Mascoutah District 19 will change its start and end times for school next year, approving the change after public comment against it and a one dissenting board member vote.
Cindy Presnell, assistant superintendent, said the change would allow more and longer “specials” classes, in that all kindergarten through fifth-grade students would have 40-minute specials classes.
“We can do this without hiring extra staff,” Presnell said.
Classes at the district’s three elementary buildings will start at 8:25 a.m. and end at 3:25 p.m. Middle school students will start at 8:10 a.m. and be dismissed at 3:15 p.m. High schoolers will start at 7:55 a.m. and end the day at 2:35 p.m.
Board member Timothy Petersen wanted more detailed information about what it would actually mean for day-to-day activities for students and teachers.
“I have a big problem with asking us to approve times like that,” Petersen said. He noted that the high school day would be reduced by minutes.
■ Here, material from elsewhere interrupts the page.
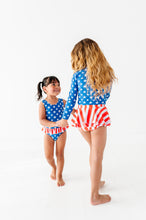 Load image into Gallery viewer, Stars + Stripes | Rashguard Skirted 2-Piece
“As a parent, I have a problem with my high school kid’s time being reduced. If anything, those are the kids whose time needs to go up,” he said.
Presnell defended that, saying that the high school prepared a mockup that would have six class periods of at least 50 minutes.
“The amount of instruction affected is three minutes a day; not five minutes, because some of that time was taken from another part of the day,” she said.
Presnell explained after the meeting that those two minutes would be taken from “passing” between classes or from lunch, and that the student representatives on the committee were not concerned about that reduction. She said the high school is actually going to increase the number of lunch shifts.
The committee that made the recommendation had a teacher, parent and administrator from each building in the district.
Matthew Stukenberg suggested simply adding five minutes to each school day.
“I asked those kinds of questions before and was told in essence, butt out,” Petersen said.
Petersen was against the time change because “we are proposing significant educational differences and we don’t have details.”
Board president Gregory Guenther said that was the reason administrators run the schools. The board made the policy, and the administrators implement it.
“This is why we have them,” he said, pointing to Superintendent Craig Fiegel and Assistant Superintendents Presnell and Frank Williams.
Board member Randy Renth also had questions about the proposed changes, but focused more on the elementary schools. He was concerned about snacks for those young students who would be in school longer.
“I’m a conservative individual, but that’s something we could go for,” he said.
Renth also had concerns for parents who would need to drop off their students earlier than the school day.
Presnell said part of the discussion had been about setting up a before school program, and have talked about opening the buildings earlier.
“I understand some parents who have kids in K-2 and grades three through five are applauding this,” Renth said.
Teacher Suzanne Petersen, who teaches first grade in the district and is married to board member Petersen, spoke against the changes before meeting.
She is concerned that the longer day would negatively impact the young students, who have short attention spans.
Presnell addressed those concerns as well, saying that the extra time would allow for “specials”, or art, music, physical education and library classes.
In other business
▪ During public comment student Gabby Petersen, a junior at Mascoutah High School and the daughter of board member Tim Petersen, brought a petition signed by more than 140 students and teachers asking that the board keep the policy allowing certain seniors to be exempt from taking finals. Superintendent Fiegel said the administration and board had no plans to change the exemption, and seniors in good standing would not have to take finals this year.
▪ The board approved changing the district’s website to a more user-friendly site, one that would visually better reflect the community and also be easier to navigate. A committee told the board that the site had last been updated in the year 2000. The proposal is that School Messenger, which already does the voice mail blast, also be the vendor for the website. The proposed site would cost $13,875, an increase of $575 a year, which would include 24-hour assistance for teachers updating their pages, would integrate with the school messenger system, and it also would have a language translator.
Renth pointed out the cost increase was only four percent; Petersen quipped it would be “useable versus not usable.”
The board unanimously approved the change.
▪ The board also unanimously approved a company’s estimate to remove the asbestos from the office area at Mascoutah Middle School. The estimate is $39,760. Board member Matthew E. Stukenberg said that after this project, only one area in the district still has asbestos.
All schools will have different start and end times next year at the Mascoutah School District.
Mascoutah, Scott and Wingate elementaries will start at 8:25 a.m. and dismiss at 3:25 p.m.
Mascoutah Middle School will start at 8:10 a.m. and dismiss at 3:15 pm.
Mascoutah High School will start at 7:55 a.m. and dismiss at 2:35 p.m.